[Supplied material]
--- START ---

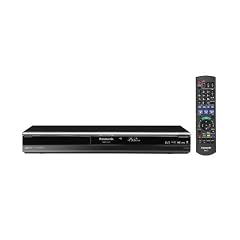 Panasonic DMR-XS350EGK DVD- und Festplatten-Rekorder 250 GB (HDMI, Upscaler 1080p, DivX-zertifiziert, USB 2.0) mit zwei integrierten DVB-S/S2-Tunern schwarz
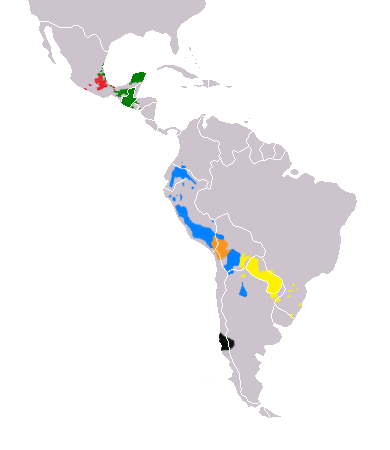 Файл:Map-Most Widely Spoken Native Languages in Latin America.png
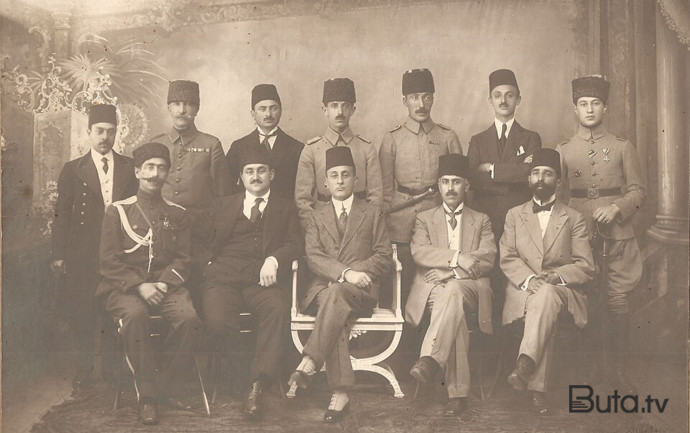  Bu gün Azərbaycanın Müstəqillik Günüdür  
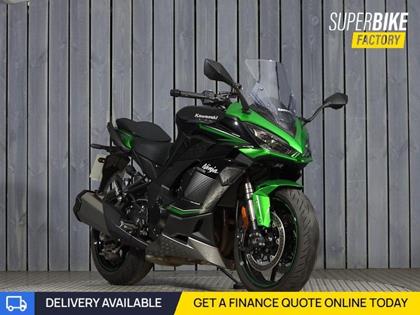 KAWASAKI NINJA 1000SX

--- END ---

[What this task involves] Every line from the one containing "Bu gün Azərbaycanın Müstəqillik Günüdür" through the end of the listing is to be copied exactly; the pictures are not.

[Answer]
  Bu gün Azərbaycanın Müstəqillik Günüdür  
 KAWASAKI NINJA 1000SX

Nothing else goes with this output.